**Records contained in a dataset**
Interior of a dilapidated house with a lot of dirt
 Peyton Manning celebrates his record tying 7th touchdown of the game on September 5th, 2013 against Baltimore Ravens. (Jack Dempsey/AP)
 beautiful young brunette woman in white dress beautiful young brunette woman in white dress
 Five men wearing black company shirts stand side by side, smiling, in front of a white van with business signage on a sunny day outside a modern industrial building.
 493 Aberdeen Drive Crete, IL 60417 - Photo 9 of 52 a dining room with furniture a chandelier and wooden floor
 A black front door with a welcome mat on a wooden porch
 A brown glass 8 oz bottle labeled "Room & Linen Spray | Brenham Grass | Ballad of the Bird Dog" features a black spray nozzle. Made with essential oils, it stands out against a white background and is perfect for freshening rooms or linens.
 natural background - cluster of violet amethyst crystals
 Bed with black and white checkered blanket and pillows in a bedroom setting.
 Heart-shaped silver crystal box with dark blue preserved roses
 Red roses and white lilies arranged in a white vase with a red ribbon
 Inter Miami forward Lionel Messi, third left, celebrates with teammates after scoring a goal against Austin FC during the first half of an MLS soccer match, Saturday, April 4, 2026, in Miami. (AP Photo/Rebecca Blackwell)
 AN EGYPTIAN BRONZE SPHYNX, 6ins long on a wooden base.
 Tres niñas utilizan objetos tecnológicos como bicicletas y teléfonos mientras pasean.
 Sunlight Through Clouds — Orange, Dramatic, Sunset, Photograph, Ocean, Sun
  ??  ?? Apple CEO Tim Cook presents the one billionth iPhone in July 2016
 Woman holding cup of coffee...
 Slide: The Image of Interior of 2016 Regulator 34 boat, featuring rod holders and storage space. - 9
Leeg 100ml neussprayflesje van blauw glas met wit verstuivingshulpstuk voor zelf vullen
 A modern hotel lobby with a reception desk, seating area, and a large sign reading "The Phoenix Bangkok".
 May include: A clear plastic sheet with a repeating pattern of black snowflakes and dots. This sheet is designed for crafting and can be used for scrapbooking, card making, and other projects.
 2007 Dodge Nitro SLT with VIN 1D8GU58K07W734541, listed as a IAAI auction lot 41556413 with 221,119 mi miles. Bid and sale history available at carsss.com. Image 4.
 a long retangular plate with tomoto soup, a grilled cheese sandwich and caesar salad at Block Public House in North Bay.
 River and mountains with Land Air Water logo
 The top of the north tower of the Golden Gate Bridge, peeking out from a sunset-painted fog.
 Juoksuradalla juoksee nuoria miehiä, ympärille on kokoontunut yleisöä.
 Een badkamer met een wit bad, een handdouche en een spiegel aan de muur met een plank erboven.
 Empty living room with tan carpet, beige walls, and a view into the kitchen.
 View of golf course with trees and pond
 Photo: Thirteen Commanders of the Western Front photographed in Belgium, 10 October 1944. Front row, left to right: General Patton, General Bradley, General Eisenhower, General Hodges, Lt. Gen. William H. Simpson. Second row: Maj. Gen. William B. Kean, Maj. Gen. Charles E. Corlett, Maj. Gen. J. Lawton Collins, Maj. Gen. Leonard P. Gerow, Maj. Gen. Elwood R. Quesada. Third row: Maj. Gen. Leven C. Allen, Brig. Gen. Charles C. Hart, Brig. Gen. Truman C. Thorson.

**What is being asked**
In the records above, locate every line with the string "roses" and copy it.

**Worked solution**
 Heart-shaped silver crystal box with dark blue preserved roses
 Red roses and white lilies arranged in a white vase with a red ribbon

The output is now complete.